Supporters of Kenya's president-elect William Ruto hold posters of him as they gather while waiting for results of Kenya's general election in Eldoret, Kenya, on Monday.
TOPSHOT - Kenya's Deputy President and presidential candidate of Kenya Kwanza (Kenya First) political party coalition William Ruto supporters hold posters of him as they gather while waiting for results of Kenya's general election in Eldoret on August 15, 2022. - Kenya was moving closer on August 15, 2022 to learning the outcome of its closely-fought presidential election after days of anxious waiting. (Photo by SIMON MAINA / AFP) (Photo by SIMON MAINA/AFP via Getty Images)

Updated August 15, 2022 at 7:00 PM ET

NAIROBI, Kenya — Despite chaos and a physical attack on Kenya's top elections official, the country's elections commission has announced that Deputy President William Ruto will be the East African nation's fifth president.

In an election marked by high drama and shifting alliances, Ruto triumphed over Raila Odinga, Kenya's longtime opposition leader who had forged an alliance with outgoing President Uhuru Kenyatta that his supporters thought guaranteed him the presidency.

But after six days of counting and just as the electoral commission was ready to announce a final tally on Monday, four out of the seven electoral commissioners walked out of the main tallying center in Nairobi, saying they could not support the final result because of the "opaque nature" of the vote count.

The commission's chairman, Wafula Chebukati, went on stage anyway and chaos ensued.
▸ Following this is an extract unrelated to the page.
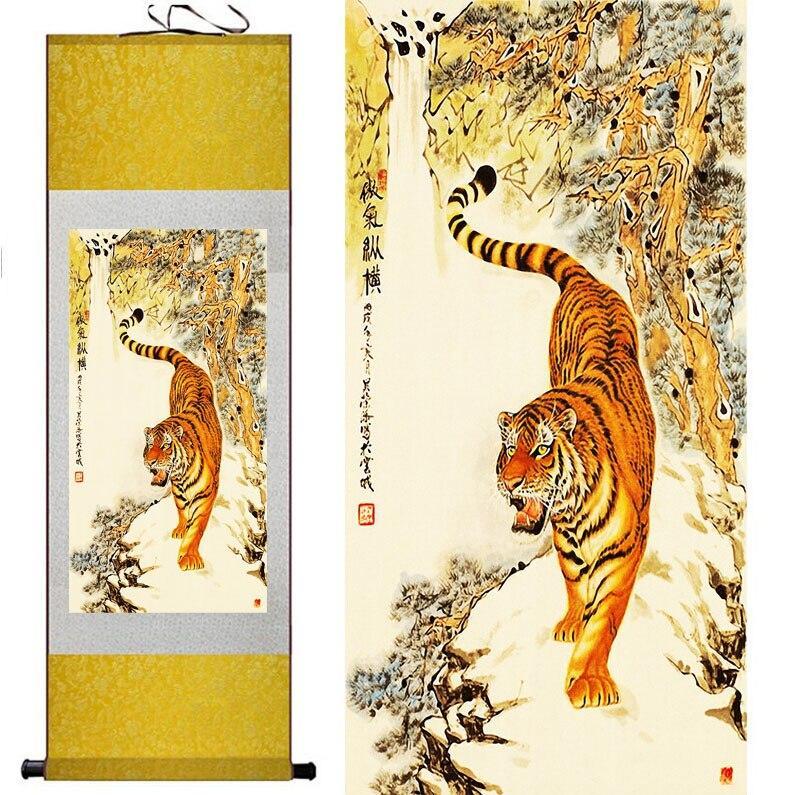 Chinese Art Scroll Painting Animal Tiger Ancient Silk Picture Wall Ideas 10828-Chinese Style Finds™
He was attacked by a senator. Others jumped on the stage, ripped banners, tipped over the lectern and attacked the remaining electoral commissioners.
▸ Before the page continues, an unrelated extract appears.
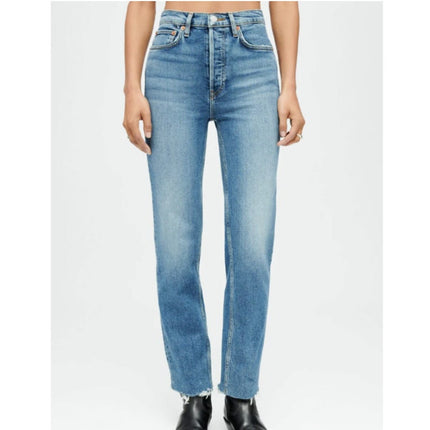 RE/DONE Comfort Stretch High Rise Jeans Stove Pipe Mid 70s Blue Women's 25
Two of them were injured, but Chebukati returned to the stage once more and declared that Ruto had won narrowly with 50.49% of the vote to Odinga's 48.85%.

"We have a constitutional duty to perform," he said. "That is why I stand before you today despite the intimidation and harassment. I took an oath of office to serve this country and I have done my duty in accordance with the constitution and the laws of the land."

Kenya is a model of democracy in East Africa, a region where authoritarianism has been ascendant. These elections had been hailed as step forward for Kenyan democracy because the campaign was marked by political maturity. Politicians focused on economic issues, instead of the tribal mobilization that have been a feature of every Kenyan election since independence.

And these elections also began as the most transparent in the country's history. Just hours after voting finished, the electoral commission began publishing raw voting data from more than 46,000 polling stations. That meant anyone could tally the votes and check the electoral commission's math.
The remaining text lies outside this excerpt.